La portada sobrevivió al incendio, y durante muchos años fue una venerable ruina, hasta que el peligro de derrumbamiento obligó a desmontarla. Recientemente se emprendió su feliz reconstrucción, tal como hoy puede admirarla el viajero. Es un vano de medio punto flanqueado por dobles columnas, sobre el que se alza una apilastrada hornacina con la estatua de San Pedro Mártir de Verona, patrón de la villa. A ambos lados de la hornacina figuran los escudos de los constructores, la Orden de Predicadores y los Fernández de Córdoba.

Formando ángulo con la portada se ha recuperado también un antiguo y curioso mausoleo de piedra, presidido por un calvario que efigia al Crucificado flanqueado por dos frailes dominicos arrodillados.

El templo conserva el muro que cerraba su nave de la epístola, en el que pervive la huella de los viejos arcos. El espacioso interior se ha transformado en funcional auditorio, cuyo escenario, protegido por una alta pérgola, ocupa la cabecera de la antigua iglesia. Sobre el renovado pavimento, piedras oscuras dibujan la situación de los desaparecidos pilares cruciformes e insinúan la disposición de las tres naves.

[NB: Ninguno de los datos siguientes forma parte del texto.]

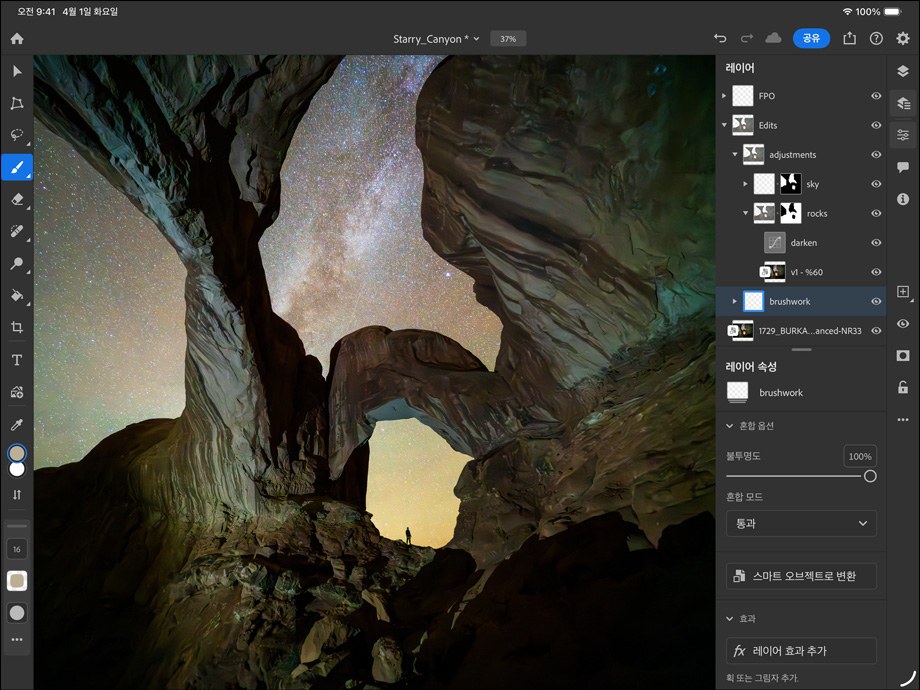 가로 방향으로 놓인 스페이스 블랙 색상 iPad Pro의 앞면 외관. 둥근 형태의 모서리와 블랙 디스플레이 베젤이 보입니다. 화면에는 협곡과 별이 가득한 밤하늘을 촬영한 사진을 편집하는 모습이 보이며, 화면의 오른쪽에는 브러시 작업, 조정 등 다양한 레이어, 도구, 효과가 표시되어 있습니다.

Un corpulento eucalipto proyecta su sombra protectora sobre la recuperada portada y el entorno, la plaza de la Iglesia, con un pavimento de diseño en el que no faltan robustos bancos de granito que invitan a tomar asiento. Pinta un grato telón vegetal la umbrosa arboleda plantada en una terraza inferior. A dos pasos se conserva, aunque seca, ay, la fuente del Egido, más conocida por Pilar de Abajo, paraje que Valera alcanzó a conocer como “lugar umbroso y deleitoso”, donde, como recoge en Juanita la Larga, en los años de sequía zambullían la imagen del patrón “para que lloviese”.

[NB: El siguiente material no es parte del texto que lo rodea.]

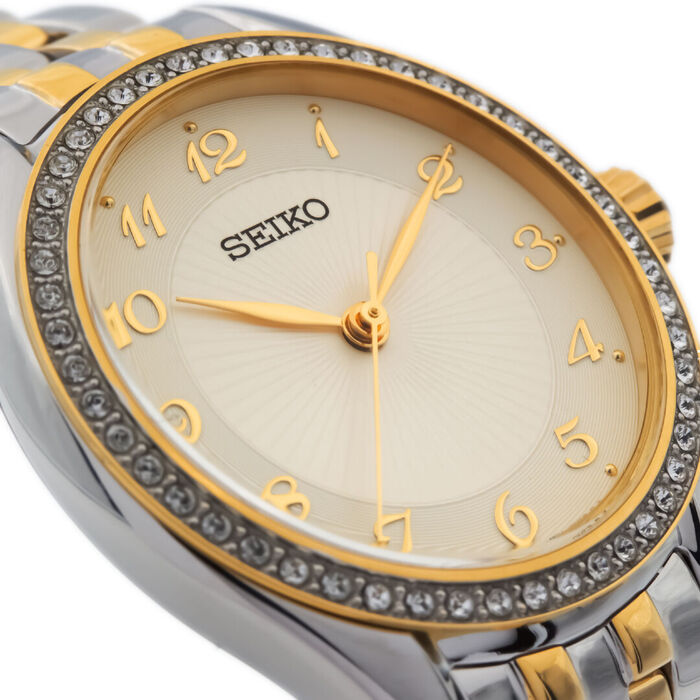Vista aproximada de mostrador Seiko feminino com pedras à volta do mostrador e cor champanhe.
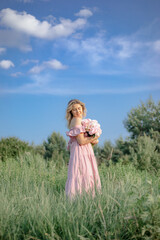 Fototapeta na wymiar Vertical image. Beautiful woman in pink summer sundress with large bouquet of peonies stands .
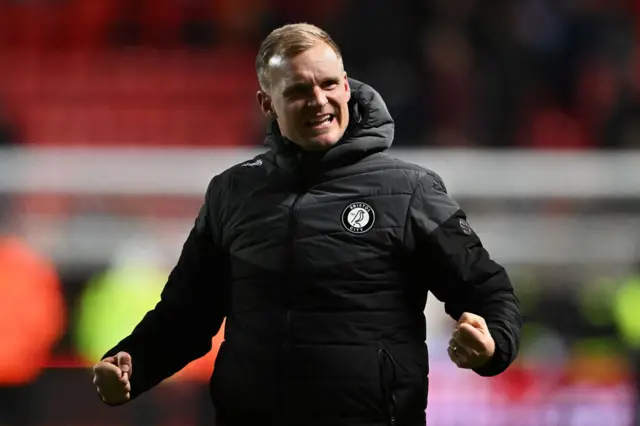 Bristol City boss Liam Manning celebrating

La ruta por el encanto prosigue por la calle de la Virgen, angosta y de aspecto medieval, pues a lo largo de su acera derecha discurre la muralla del castillo, con cilíndricas torres macizas guardando sus esquinas, mientras que en la acera izquierda avanza el restaurado muro que cerraba la iglesia de la Consolación por el lado de la epístola. Entre ambas construcciones, un viejo arco de ladrillo tiende su airosa curva como anudando la común decadencia. Las torres y murallas –asentadas en parte sobre rocosos cimientos– muestran sin recato las heridas de los siglos, lo que les confiere una autenticidad de la que carecen otros castillos tan reconstruidos que parecen falsos.

El viajero puede seguir el recorrido exterior de la muralla, que al final de la calle Virgen gira a la derecha para mostrar en la calle Torres su otra cara, en la que destaca la imponente torre del Homenaje. Frente a ella, la calle Llana, sin salida, parece trazada para la mejor contemplación del cuadrado torreón. Adosada a su parte baja, una hornacina de aspecto barroco conserva en el interior una lámina mariana, que la gente conoce como “la Virgen de la calle Llana”.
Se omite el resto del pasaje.